(Task directions) Every entry should be repeated exactly. Omit the pictures.

(Material for this task)

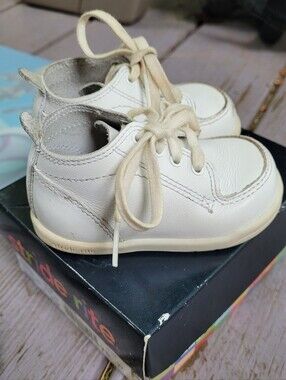 Stride Rite Cruiser White Leather Baby Shoes Size 2.5W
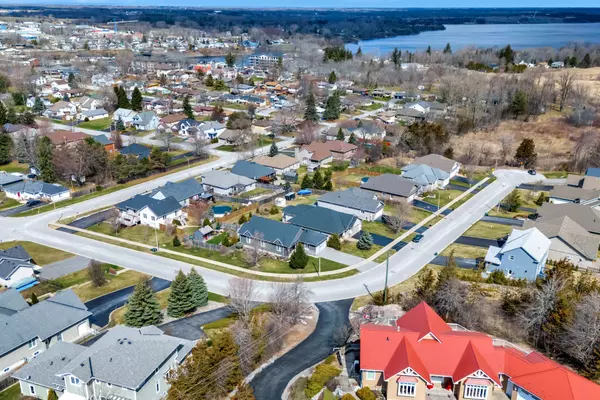 Prince Edward County, ON K0K 2T0,39 Owen ST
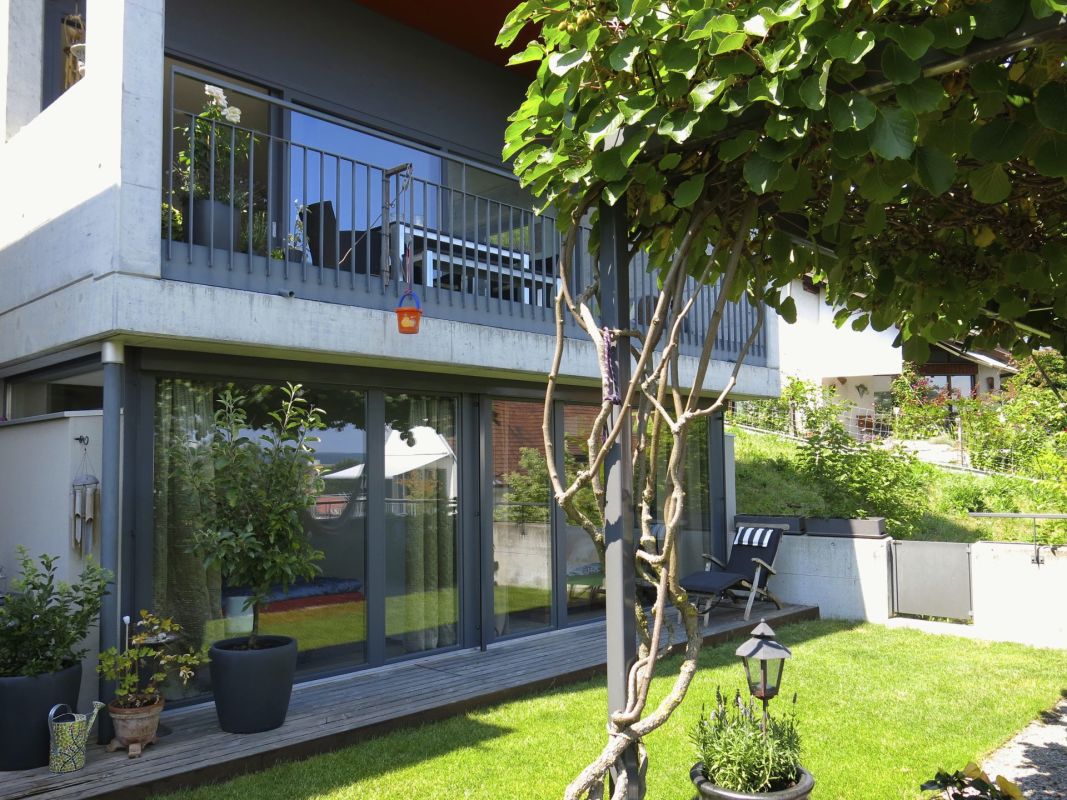 Modernes Haus mit Balkon und Garten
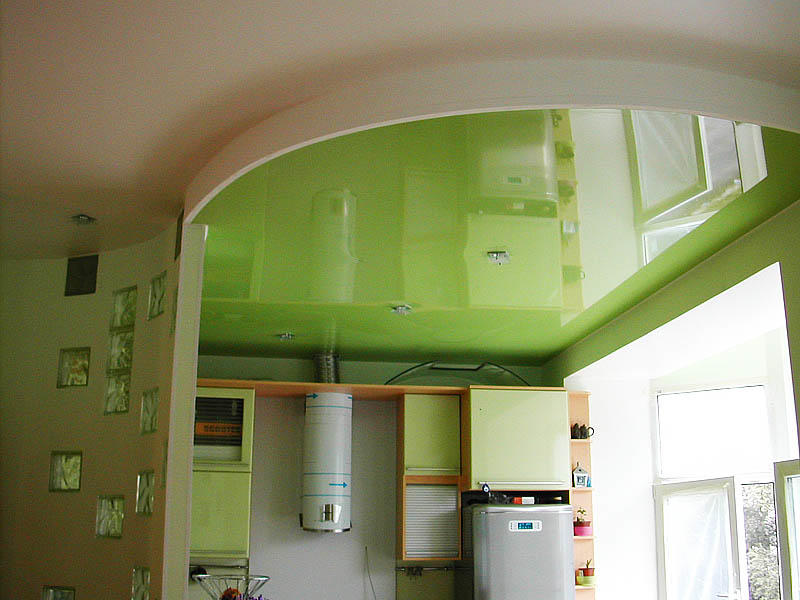 Натяжной потолок не только приукрасит ваш дизайн кухни-гостиной, но и прослужит длительных срок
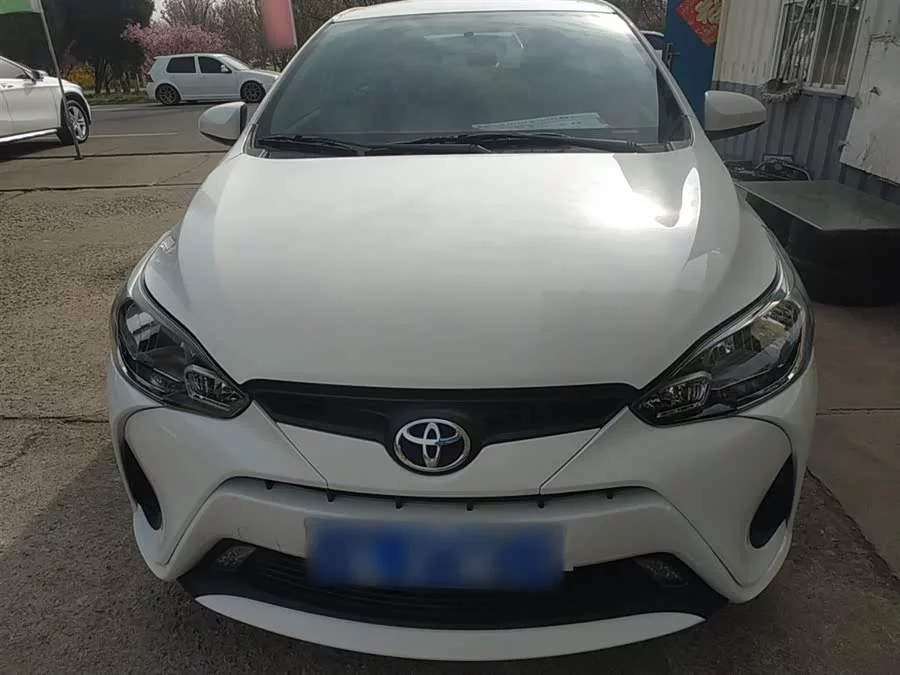 Toyota YARiS L Enjoy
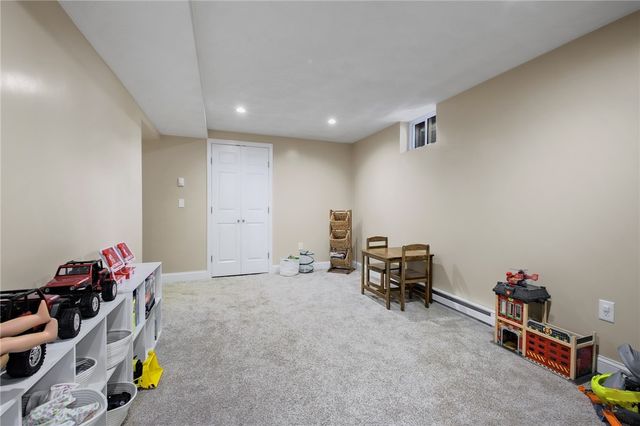 10 Willington Road, Pawtucket, RI 02861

(Result for this exercise)
 Stride Rite Cruiser White Leather Baby Shoes Size 2.5W
 Prince Edward County, ON K0K 2T0,39 Owen ST
 Modernes Haus mit Balkon und Garten
 Натяжной потолок не только приукрасит ваш дизайн кухни-гостиной, но и прослужит длительных срок
 Toyota YARiS L Enjoy
 10 Willington Road, Pawtucket, RI 02861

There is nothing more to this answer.